European leaders stayed mostly silent. International monitors condemned the vote as unfair. And then there was President Donald Trump, who called Erdoğan to congratulate him on the win.
Trump’s affinity for strongmen the world over is nothing new, from his repeated praise for Vladimir Putin on the campaign trail to the White House invitation he issued to Philippine President Rodrigo Duterte (whose personal war on drugs has left more than 7,000 dead) to the Oval Office meeting he held last month with Egyptian President Abdel Fattah el-Sisi (who took power in a coup and killed more than 800 protesters in a single day).
Still, there are a pair of striking and profoundly disturbing things about Trump’s Monday call with Erdoğan, who has rebuffed US calls to fight ISIS more aggressively, likened the German government to Nazis, jailed more journalists than any other leader in the world, and arrested tens of thousands of his own people on suspect charges.
First, Trump’s congratulatory call was significantly warmer than his own State Department’s comments had been.
“We look to the government of Turkey to protect the fundamental rights and freedoms of all its citizens,” acting spokesperson Mark Toner said, pointing to the widespread election irregularities observed by monitors from the Organization for Security and Cooperation in Europe. The US is a member of the OSCE, which said the anti-referendum forces were fighting on "an unlevel playing field."
Toner’s comments were in line with those of most European leaders, who pointedly avoided offering any form of congratulations to Erdoğan and instead urged him to respect the rights of his political opponents and focus on healing what they rightly termed a deeply divided country. (Erdoğan lost in the country's three biggest cities despite his government's de facto control of the Turkish media.)
The second, and far more troubling, source of concern is the nature of the referendum itself. It’s possible Trump may not have understood the magnitude of what just took place in one of Washington's most important allies. But it's far likelier that Trump understood exactly what Erdogan had just accomplished in bringing his country closer to autocracy — and that he liked what he saw.
Turkey moved closer to one-man rule.

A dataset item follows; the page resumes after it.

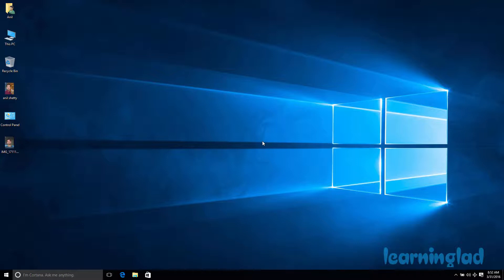Now if I sign out or restart the computer, while logging in I have two options: I can use my password to sign in, or I can use the picture password to sign in. If you forget the picture password, don't worry — you can use your regular password to sign in to your account.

That’s fine with Donald Trump.
It's hard to overstate the magnitude of what just took place in Turkey, a NATO member that houses one of America’s largest and most important military bases.
As Turkey expert David Stevens wrote for Vox, Sunday’s vote in Turkey was genuinely historic — and not in a good way:
The referendum — if fully implemented — would change Turkey from a parliamentary democracy into one run by a strong executive president who will absorb all the current functions of the prime minister. The new president will be free from accountability to the country's parliament, will wield broad budgetary powers, and will have complete autonomy to shape the executive branch as he sees fit.
In a normal moment in American political history, a president of either party would have likely responded to Sunday’s vote by either offering measured comments encouraging Erdoğan to respect the views of his political opponents or avoiding the substance of the referendum altogether and simply saying that the US respects the will of the Turkish people.
As we’re seeing again and again, these aren’t normal times. A US president with strong autocratic tendencies is going out of his way to praise a foreign leader that has already amassed the powers Trump clearly wishes he possessed. We shouldn’t be surprised at this point, but we also shouldn’t pretend that it’s normal.